-- Opening Marker --
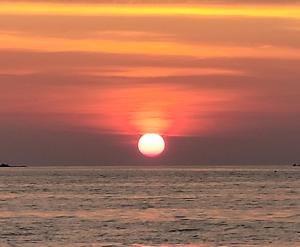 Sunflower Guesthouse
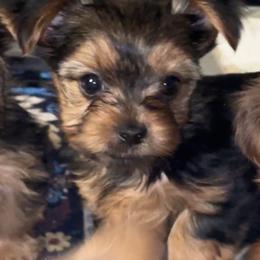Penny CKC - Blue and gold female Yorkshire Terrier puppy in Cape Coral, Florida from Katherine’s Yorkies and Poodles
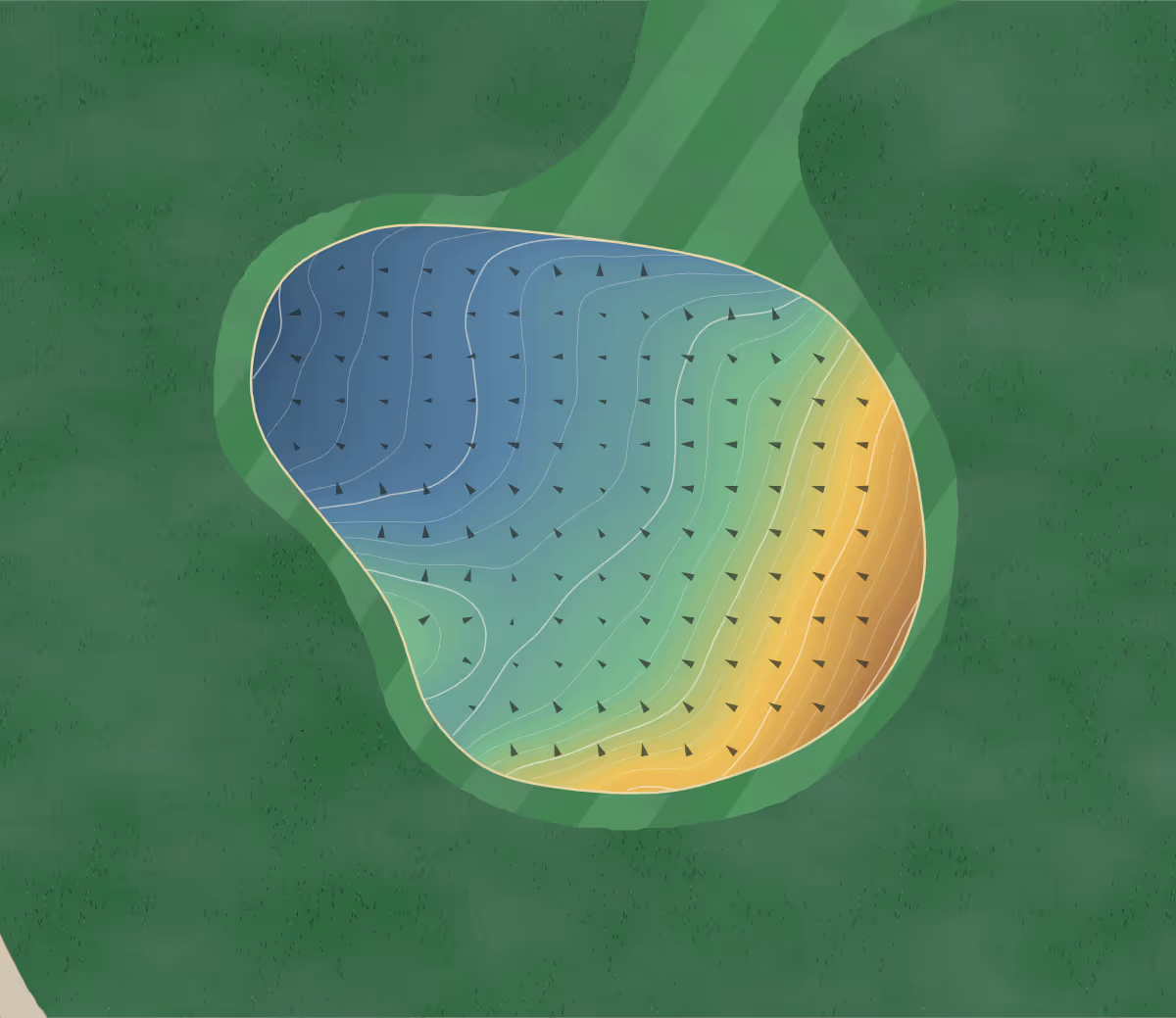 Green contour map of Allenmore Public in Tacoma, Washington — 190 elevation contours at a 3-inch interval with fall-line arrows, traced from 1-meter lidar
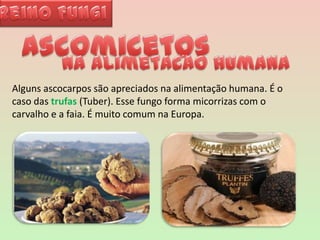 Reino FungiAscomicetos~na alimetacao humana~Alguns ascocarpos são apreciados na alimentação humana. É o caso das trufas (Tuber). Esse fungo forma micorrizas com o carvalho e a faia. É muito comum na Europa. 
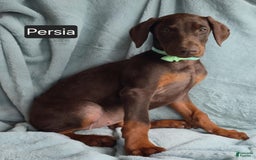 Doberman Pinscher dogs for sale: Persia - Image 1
-- Closing Marker --
** What you are asked to do **
Everything from the line with "Green contour map" through the last line of the listing should be retyped exactly, with both end lines kept and the pictures left out.

** Solution **
 Green contour map of Allenmore Public in Tacoma, Washington — 190 elevation contours at a 3-inch interval with fall-line arrows, traced from 1-meter lidar
 Reino FungiAscomicetos~na alimetacao humana~Alguns ascocarpos são apreciados na alimentação humana. É o caso das trufas (Tuber). Esse fungo forma micorrizas com o carvalho e a faia. É muito comum na Europa. 
 Doberman Pinscher dogs for sale: Persia - Image 1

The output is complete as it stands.